Audio Do’s and Don’ts Learned From This Year’s Cannes Lions

Opinion: Sound can connect us emotionally to a campaign

A blue cassette tape on an orange background; Top left corner says"Dos" and the bottom right corner says "Don'ts"
More informed decisions on sound can help win Cannes Lions.
Animation: Trent Joaquin; Sources: Pixabay

As media all over the world breaks down the aftermath of Cannes, conversations seem to revolve around one word specifically: purpose. From the audio branding industry perspective, it’s hard not to feel like Mr. Burns about it: Excellent.

This is great news because sound’s ability to transcend something as intangible as purpose to create palpable brand appeal is remarkable. The following picks from this year’s Cannes prove this to be true. Furthermore, they show why choosing the right sounds are pivotal to your brand’s emotional delivery.

If you want your message to resonate, DO start with sounds you make organically

The New York Times’ campaign “The Truth Is Worth It” sheds light on the value of investigative journalism and its pursuit for the truth. This campaign is a perfect example of how audio choices can drive such an important cause, as the soundscape helps viewers peek inside the buzzing minds of reporters.

The sounds of frantic keyboard tapping and phone interviews help paint the picture of a journalist working on a story. Add some highly suspenseful ambient sounds to the mix, and the emotional workload of these professionals becomes palpable. They are driven with the desire to bring the people news they deserve to know, even if it requires uncovering disturbing facts and putting their own safety at risk.

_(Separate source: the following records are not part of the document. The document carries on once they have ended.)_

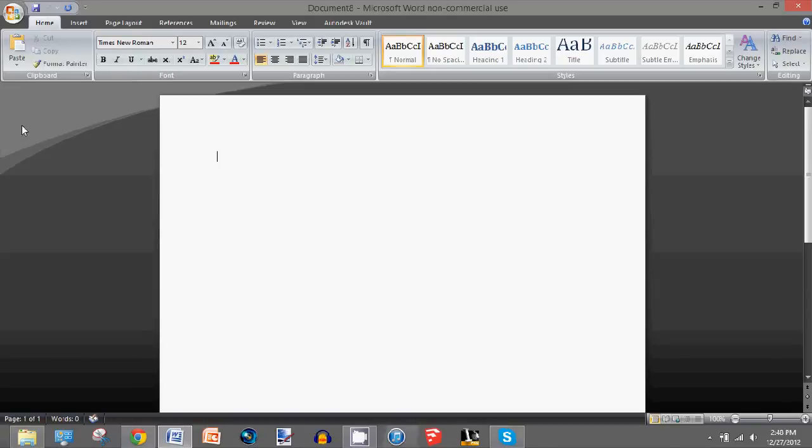Hello guys, today I'm going to show you how to get different headers on each page of your Microsoft Word document.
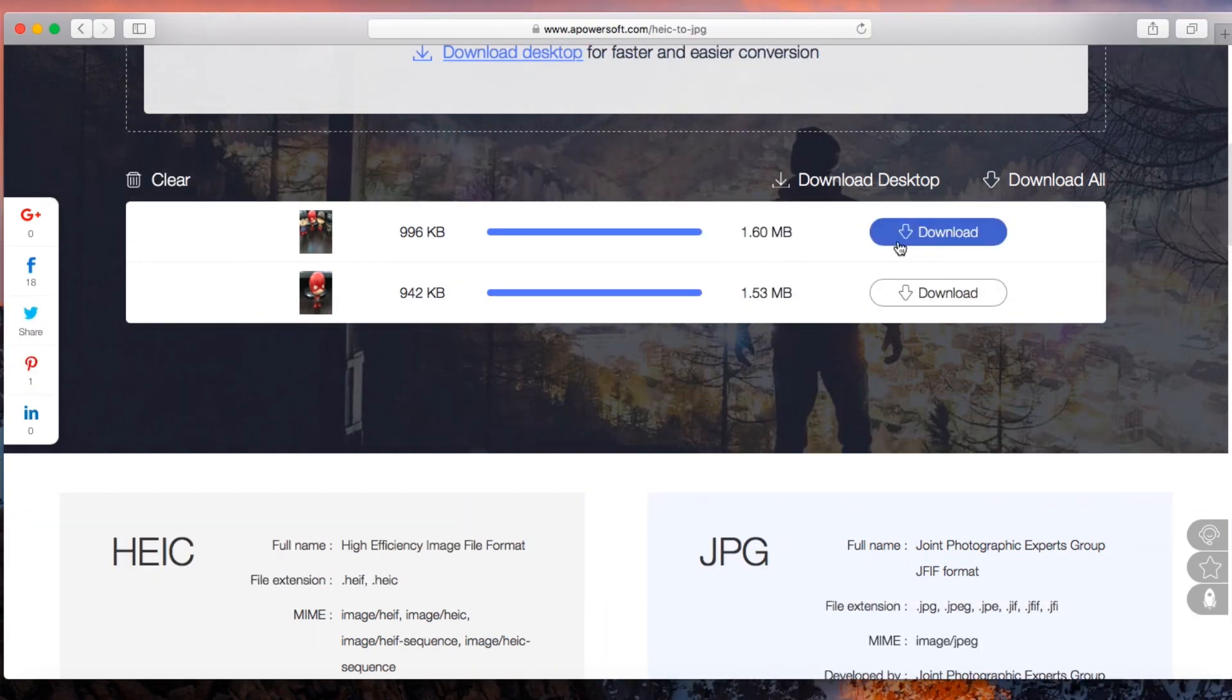To download the converted file, just click the download button opposite the image's thumbnail.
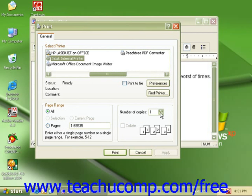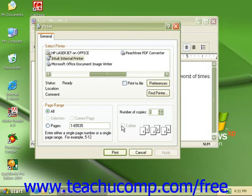You can select the number of copies you want to print, and if your document has more than one page you can set it to collate those pages for each of those copies. When you're ready, click on Print to send your document to the printer.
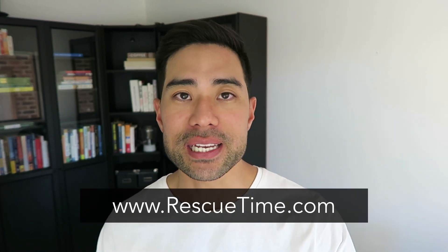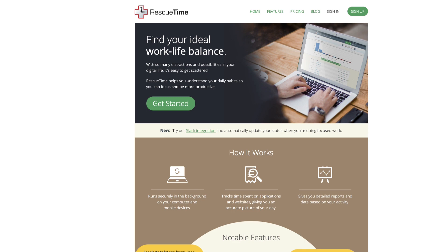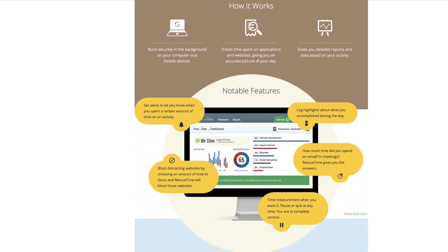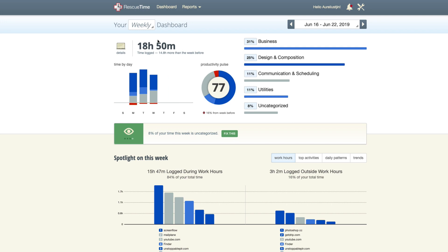The tool I use is called RescueTime and as the product title suggests, it rescues your time. It will basically run in the background of your computer — you don't need to click run or activate anything. It runs in the background and tracks the time you spend on particular apps, tools, and websites, so at the end of the week it gives you an informative report of how many minutes or hours you spent on, let's say, Facebook, YouTube, or your email.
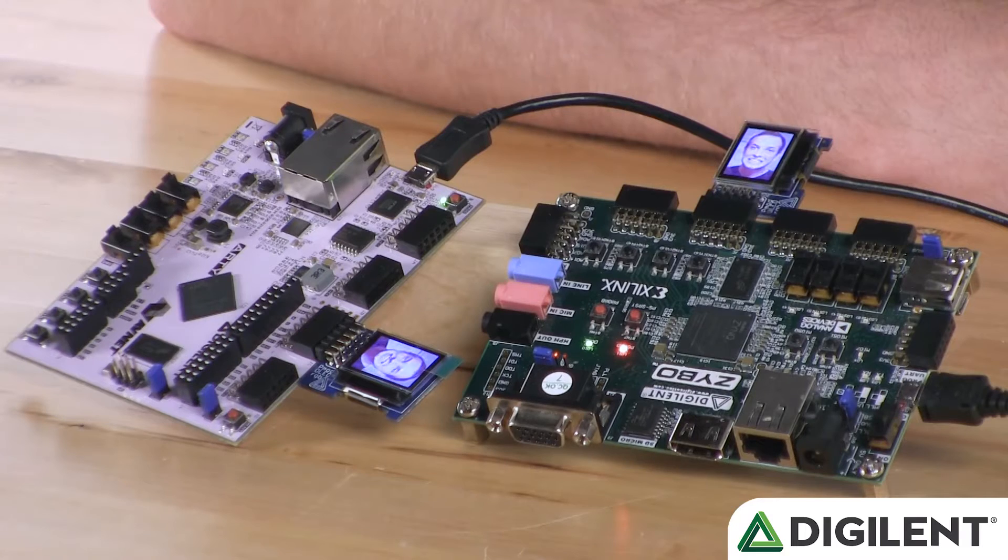Hi guys, Tommy here, and today I want to tell you about our new Plug and Play PMOD IPs.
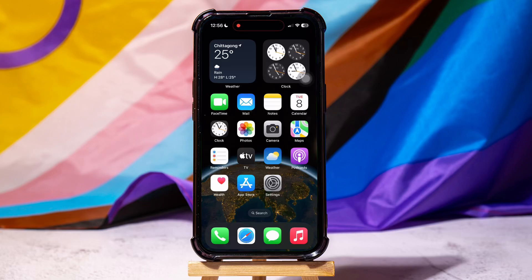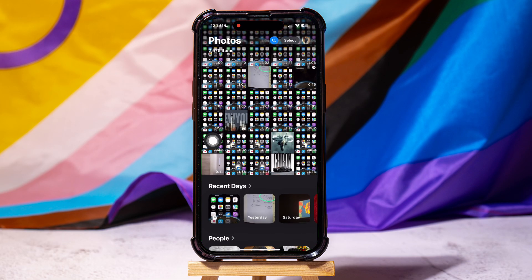How to change a picture print size on iPhone. To get started, first of all go ahead and open up the Photos application on your phone. Here, you can view all the photos and videos on your phone. Open any photo from here.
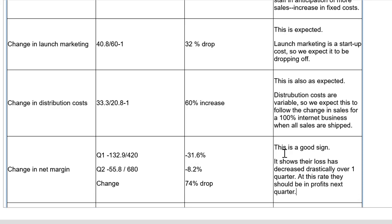This is a good sign. It shows their losses decreased drastically over the first quarter. At this rate, they should be in profits next quarter. I think it's also interesting if they had amortized the startup costs. For example, the web development costs, then they'd already be in profit. So we could mention that if we had time as well.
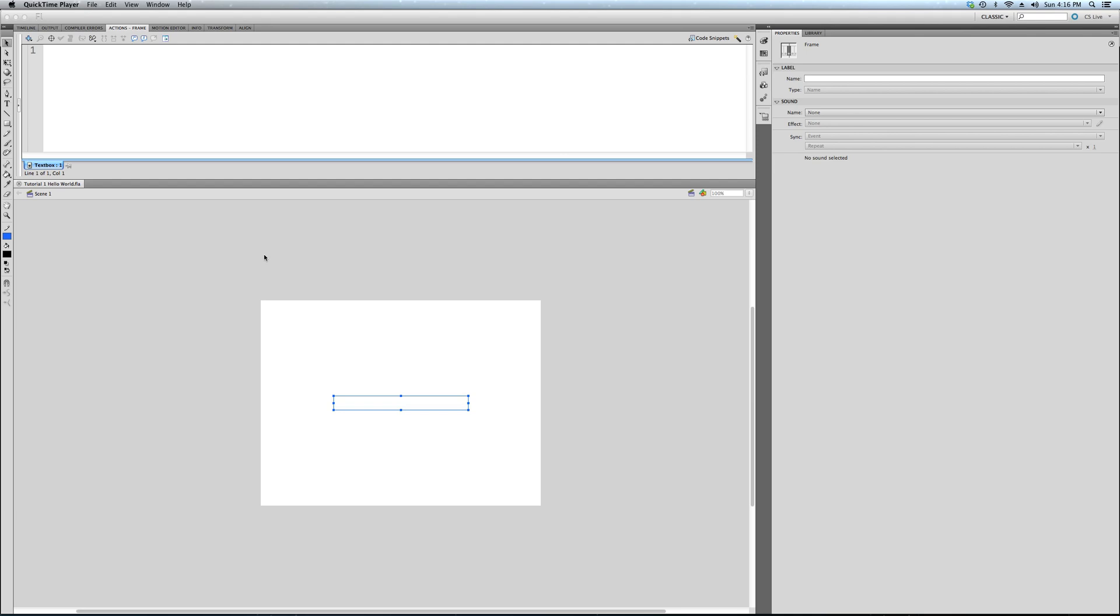Alright, now this is the first of hopefully a long series of tutorials on ActionScript for games. We're going to be focusing solely on moving towards making games and maybe some interactive educational type stuff as well.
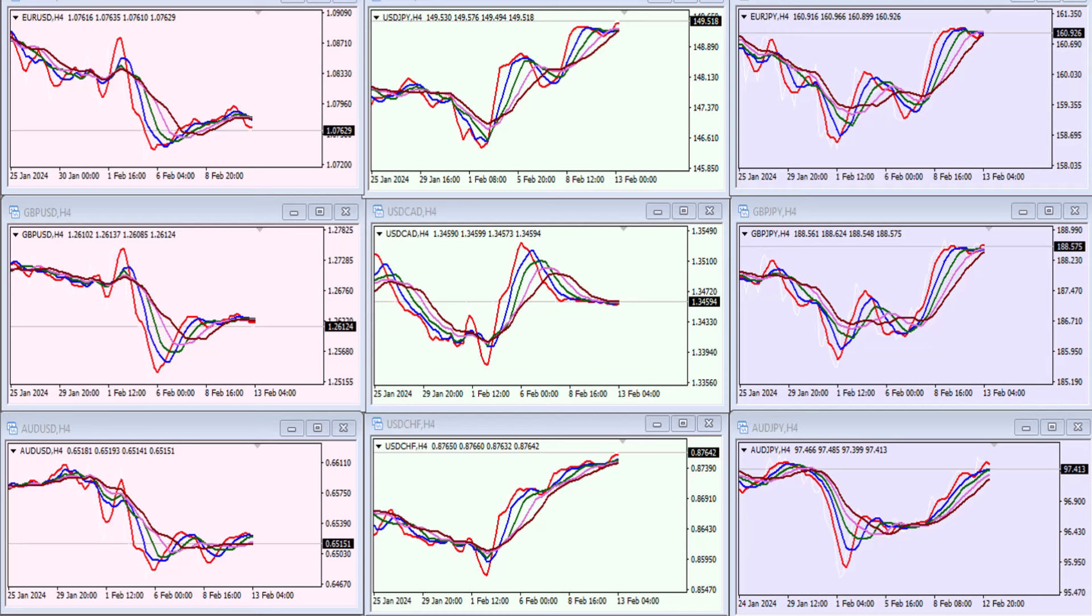Now what happened this week in particular was I noticed a level of uncertainty building up in the market. If you look at the charts, you'll see all of the moving averages started to what we call knot. They all come together and sometimes they even make one color because they're so close.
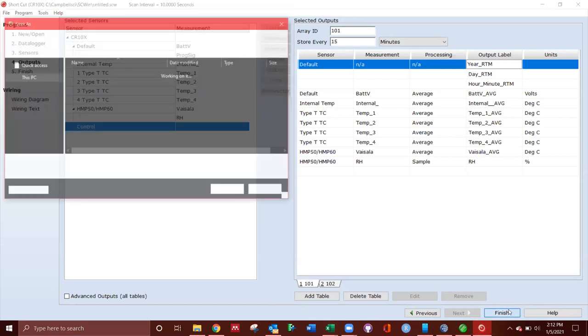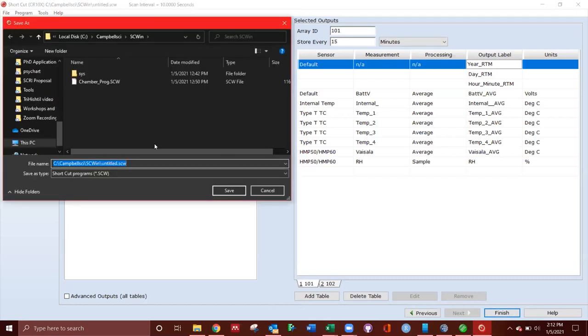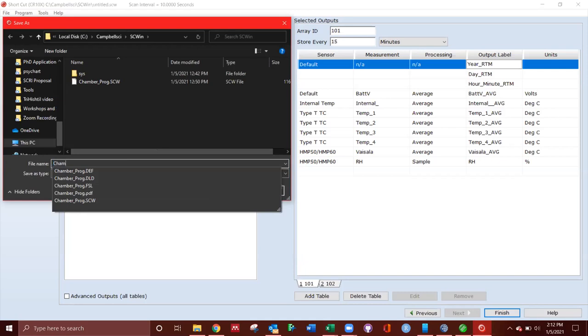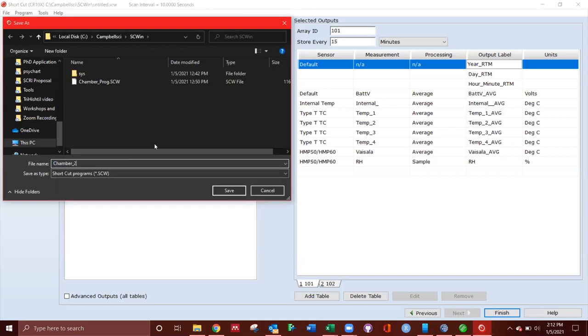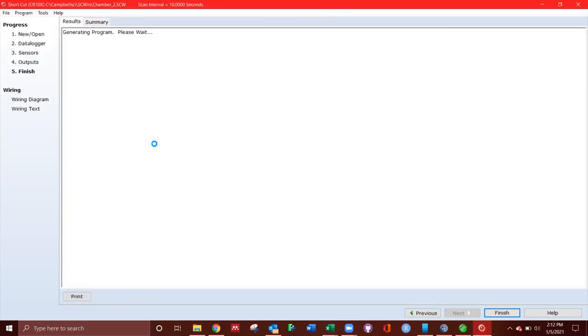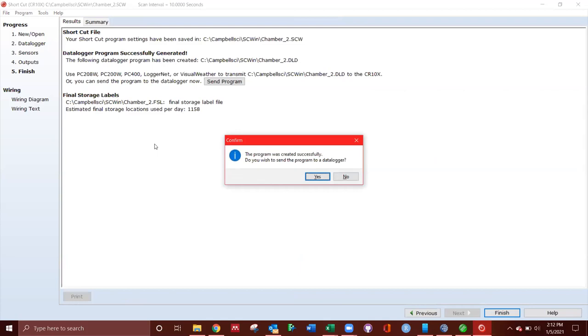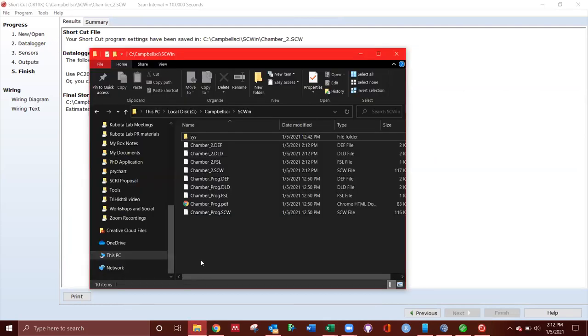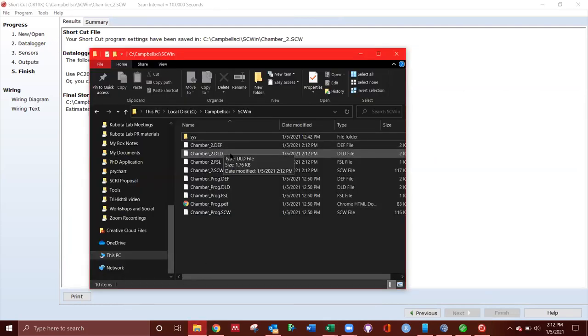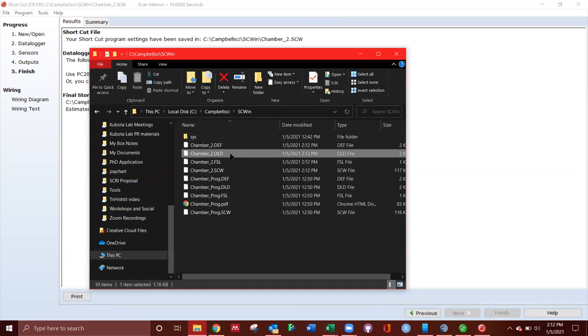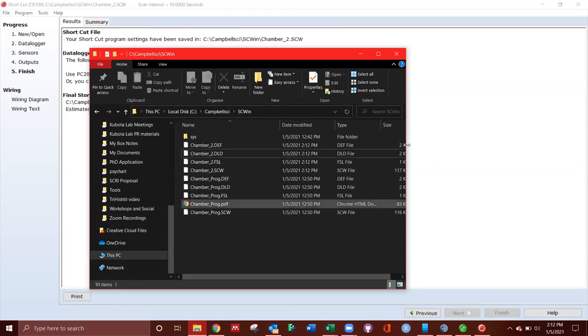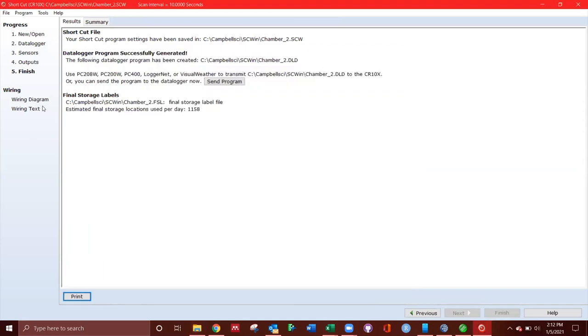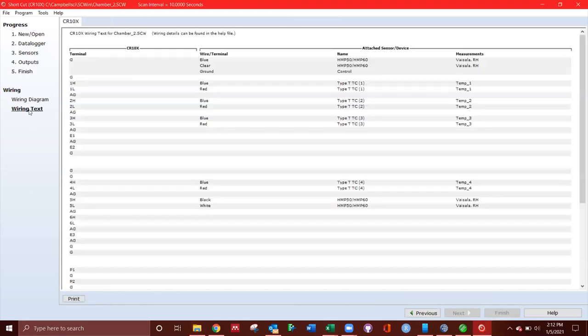So when you finish, it'll save. I'm going to go chamber two. So what it's done is, I don't want to send this into the data logger right now. So no. But if I go ahead and open up, chamber two creates a DLD file. The DLD file can be used to run logger for CR23X or CR10X. I think also CR23X, but a CR1000 is a CSI. So you can get that from elsewhere. The other thing you can do is look at the wiring text.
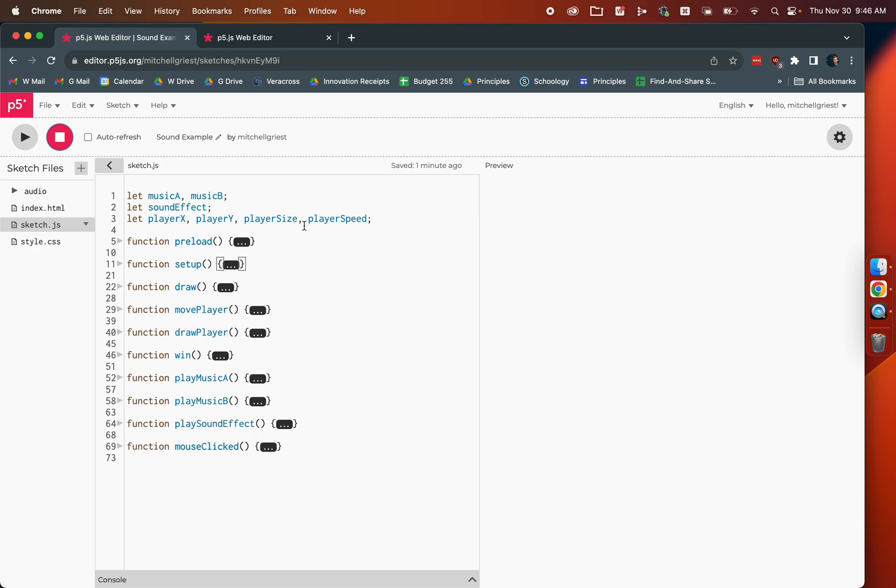Alright, in this P5.js tutorial, we're going to show you a couple of things you can do in terms of working with sound, both with music and sound effects.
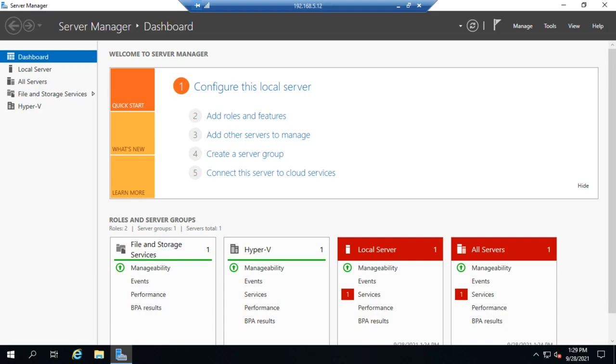So now that we've got the Hyper-V role installed, our next step is to configure virtual switches. Now remember when we did the install, we had the option to create an external switch and specify the Ethernet adapter it was going to use, but I specifically didn't do that because I wanted to walk through this process so you could see it.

Combining organic soundscapes with an apt musical delivery is a brilliant way to demonstrate journalists’ rigorous work ethics. More importantly, it helps readers understand the pressure they experience in their quest for telling the world the truth. The NYT may have just taken over an entire industry soundscape for years to come.

DON’T shackle yourself to traditional marketing routines

The Super Bowl is one of those times of the year when the biggest brands in the Western hemisphere come together to flex their advertising muscles. However, only a few brands showed up like Skittles—which actually didn’t turn up at all. On the game day, the brand skipped the TV ad shtick to debut Skittles: The Musical in front of a sold-out crowd. By performing songs like “Advertising Ruins Everything,” the brand sent a strong message about not taking yourself too seriously while breaking free from the norms of advertising.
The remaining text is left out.